You can learn more about file format details by checking out APNIC’s RIR statistics exchange format.
💻 Creating a Program to Query an IP ↔ Country Database
Now that we know the data sources (RIR FTP servers) and the file formats, we can build a tool. For example, you could:
- Every day at 09:00 (UTC+9), download each
delegated-{REGISTRY}-latest
file from every RIR’s FTP server - Extract each country / IPv4 / IP range from the downloaded file
- Convert the IP range (start ~ end) into decimal, sort, then save to a file
- Load the country-IP-range pairs into memory
- Use binary search
Here’s some sample code:
# builtin modules
import os
import ipaddress
import asyncio
from datetime import datetime
# install modules
import aiohttp
intervals = []
today = datetime.now().strftime("%Y%m%d")
RIR_URLS = [
"https://ftp.apnic.net/stats/apnic/delegated-apnic-extended-latest",
"https://ftp.arin.net/pub/stats/arin/delegated-arin-extended-latest",
"https://ftp.lacnic.net/pub/stats/lacnic/delegated-lacnic-extended-latest",
"https://ftp.ripe.net/pub/stats/ripencc/delegated-ripencc-extended-latest",
"https://ftp.afrinic.net/stats/afrinic/delegated-afrinic-extended-latest",
]
MAPPING_DATABASE = f"./rsc/{today}_mapping.db"
# Download
async def fetch(session, url):
async with session.get(url) as response:
print(f"[{response.status}] - {url}")
content = await response.read()
filename = url.split("/")[-1]
filepath = f"./rsc/{today}_{filename}"
with open(filepath, "wb") as f:
f.write(content)
return
# Download coroutine
async def download():
async with aiohttp.ClientSession() as session:
await asyncio.gather(*(fetch(session, url) for url in RIR_URLS))
print("Download Complete")
return
# Load database
def init_database():
if not os.path.exists("./rsc"):
os.mkdir("./rsc")
# If the IP database set exists, load it into memory
if os.path.exists(MAPPING_DATABASE):
print("Databse load")
with open(MAPPING_DATABASE, "r") as f:
for line in f:
start_ip, end_ip, country = line.strip().split(",")
intervals.append((int(start_ip), int(end_ip), country))
return
# If it doesn't exist, download, process, and save
asyncio.run(download())
for rir_url in RIR_URLS:
filename = rir_url.split("/")[-1]
filepath = f"./rsc/{today}_{filename}"
with open(filepath, "r") as f:
for line in f:
line = line.strip().split("|")
if len(line) != 8 or line[2] != "ipv4":
continue
country = line[1]
ip = line[3]
ip_range = line[4]
start_ip = int(ipaddress.IPv4Address(ip))
end_ip = (int(ipaddress.IPv4Address(ip)) + int(ip_range)) - 1
result = (start_ip, end_ip, country)
intervals.append(result)
# Save the data
intervals.sort(key=lambda x: x[0])
with open(MAPPING_DATABASE, "w") as f:
for interval in intervals:
line = f"{interval[0]},{interval[1]},{interval[2]}"
f.write(line + "\n")
print("Databse load")
return
# Search
def search(search_ip):
result = None
try:
search_ip = int(ipaddress.IPv4Address(search_ip))
except:
return None
left, right = 0, len(intervals) - 1
while left <= right:
mid = (left + right) // 2
start_ip, end_ip, country = intervals[mid]
if start_ip <= search_ip <= end_ip:
result = country
break
elif start_ip > search_ip:
right = mid - 1
else:
left = mid + 1
return result
def main():
init_database()
while True:
ipv4 = input("Insert IPv4: ")
r = search(ipv4)
print(r)
if __name__ == "__main__":
main()
Once downloaded from the RIRs, you’ll see that around 253,714 IP ranges (covering the roughly 3.7 billion public IPs) exist.
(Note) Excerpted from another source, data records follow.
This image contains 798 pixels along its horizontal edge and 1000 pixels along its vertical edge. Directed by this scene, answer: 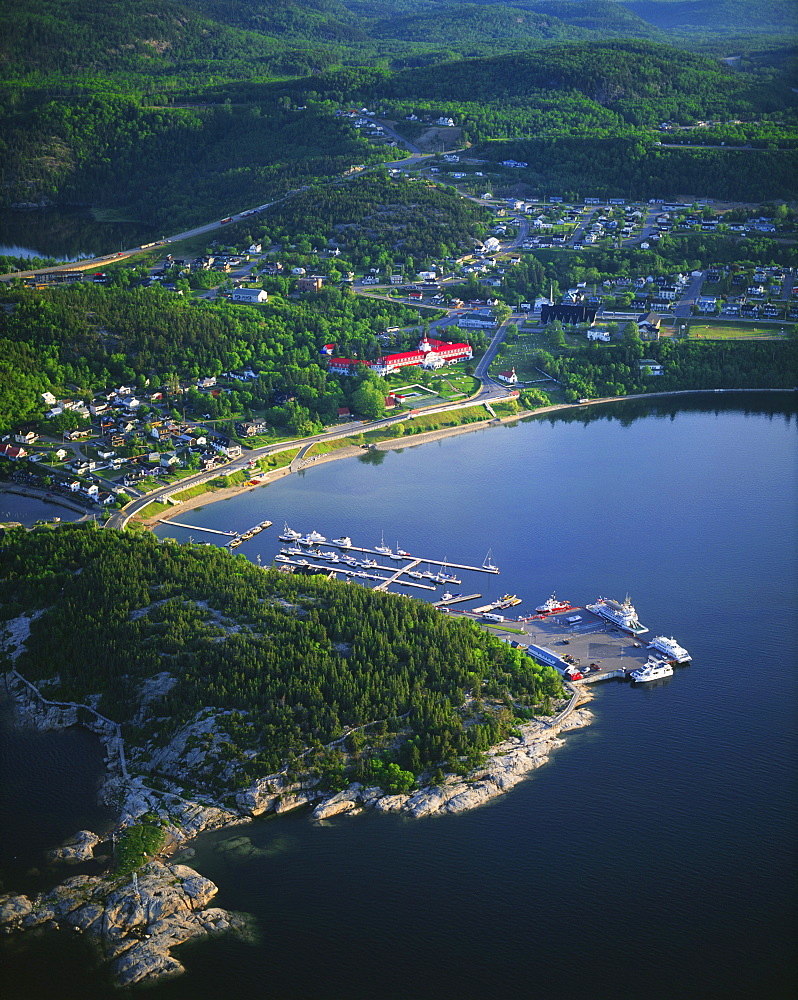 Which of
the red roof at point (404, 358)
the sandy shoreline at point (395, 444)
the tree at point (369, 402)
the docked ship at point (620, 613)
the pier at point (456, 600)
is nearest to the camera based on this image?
the docked ship at point (620, 613)

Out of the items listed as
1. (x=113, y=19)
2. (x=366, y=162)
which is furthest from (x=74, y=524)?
(x=113, y=19)

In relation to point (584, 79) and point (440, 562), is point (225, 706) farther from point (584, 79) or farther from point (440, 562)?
point (584, 79)

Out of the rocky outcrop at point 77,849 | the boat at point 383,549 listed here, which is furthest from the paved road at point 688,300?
the rocky outcrop at point 77,849

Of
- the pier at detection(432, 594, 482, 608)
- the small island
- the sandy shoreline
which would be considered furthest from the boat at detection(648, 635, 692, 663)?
the sandy shoreline

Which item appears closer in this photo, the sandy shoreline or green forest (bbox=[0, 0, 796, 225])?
the sandy shoreline

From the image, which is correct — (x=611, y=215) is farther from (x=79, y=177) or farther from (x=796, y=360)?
(x=79, y=177)

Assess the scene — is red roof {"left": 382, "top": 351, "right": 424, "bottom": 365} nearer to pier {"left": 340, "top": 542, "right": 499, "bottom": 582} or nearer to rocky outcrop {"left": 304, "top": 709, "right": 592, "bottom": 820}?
pier {"left": 340, "top": 542, "right": 499, "bottom": 582}

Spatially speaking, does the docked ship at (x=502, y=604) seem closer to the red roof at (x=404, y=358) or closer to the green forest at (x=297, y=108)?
the red roof at (x=404, y=358) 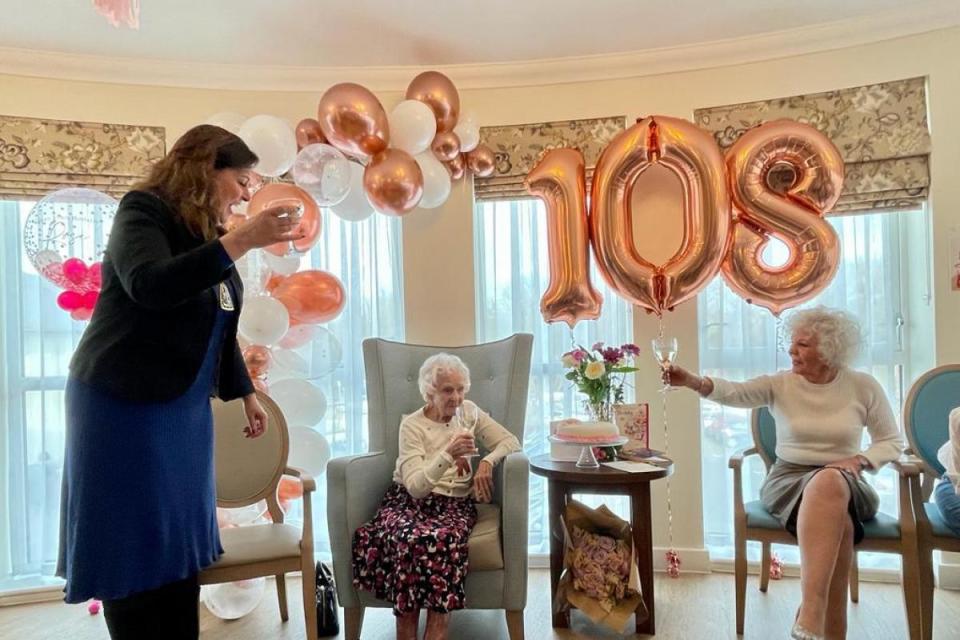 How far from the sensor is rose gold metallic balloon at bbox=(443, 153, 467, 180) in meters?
2.97

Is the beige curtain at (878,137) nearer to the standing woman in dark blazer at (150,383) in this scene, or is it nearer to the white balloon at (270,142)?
the white balloon at (270,142)

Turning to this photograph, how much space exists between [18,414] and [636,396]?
2.75 metres

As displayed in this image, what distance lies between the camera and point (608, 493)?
7.52ft

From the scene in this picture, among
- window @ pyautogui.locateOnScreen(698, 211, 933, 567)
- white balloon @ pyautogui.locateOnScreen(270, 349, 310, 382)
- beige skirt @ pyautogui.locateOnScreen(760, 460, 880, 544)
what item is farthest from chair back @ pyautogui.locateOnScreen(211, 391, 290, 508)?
window @ pyautogui.locateOnScreen(698, 211, 933, 567)

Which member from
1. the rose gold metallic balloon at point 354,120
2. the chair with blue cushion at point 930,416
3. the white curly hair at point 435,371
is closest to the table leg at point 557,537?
the white curly hair at point 435,371

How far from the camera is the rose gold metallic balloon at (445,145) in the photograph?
278cm

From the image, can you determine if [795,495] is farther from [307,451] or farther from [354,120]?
[354,120]

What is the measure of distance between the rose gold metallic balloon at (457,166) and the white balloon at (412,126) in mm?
321

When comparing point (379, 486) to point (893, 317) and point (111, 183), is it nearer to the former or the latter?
point (111, 183)

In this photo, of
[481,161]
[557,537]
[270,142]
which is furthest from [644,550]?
[270,142]

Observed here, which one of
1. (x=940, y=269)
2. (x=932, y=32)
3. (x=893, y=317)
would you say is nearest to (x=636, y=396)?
(x=893, y=317)

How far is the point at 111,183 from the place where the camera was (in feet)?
9.68

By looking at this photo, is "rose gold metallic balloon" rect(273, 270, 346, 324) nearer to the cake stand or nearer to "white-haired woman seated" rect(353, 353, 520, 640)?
"white-haired woman seated" rect(353, 353, 520, 640)

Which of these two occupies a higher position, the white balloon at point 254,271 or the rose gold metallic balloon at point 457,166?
the rose gold metallic balloon at point 457,166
That effectively means you can figure out the country of any public IP. Interestingly, the program I wrote above seems to perform 30–250 times faster lookups than queries using .mmdb
.
My guess is that MMDB might have more granularly subdivided IP ranges and also stores additional data (like ASN), so that could explain the difference.
✨ Conclusion
RIR data only contains information such as which IP addresses were assigned (e.g., IP block allocations). It doesn’t tell you which ASNs those IPs belong to. To figure that out, you’d need to collect data from BGP (Border Gateway Protocol) tables. Because this post has already grown quite long, I’ll continue this topic in a future article.
For sanity’s sake, I personally recommend regularly downloading an .mmdb
file from ipinfo or another provider, if feasible.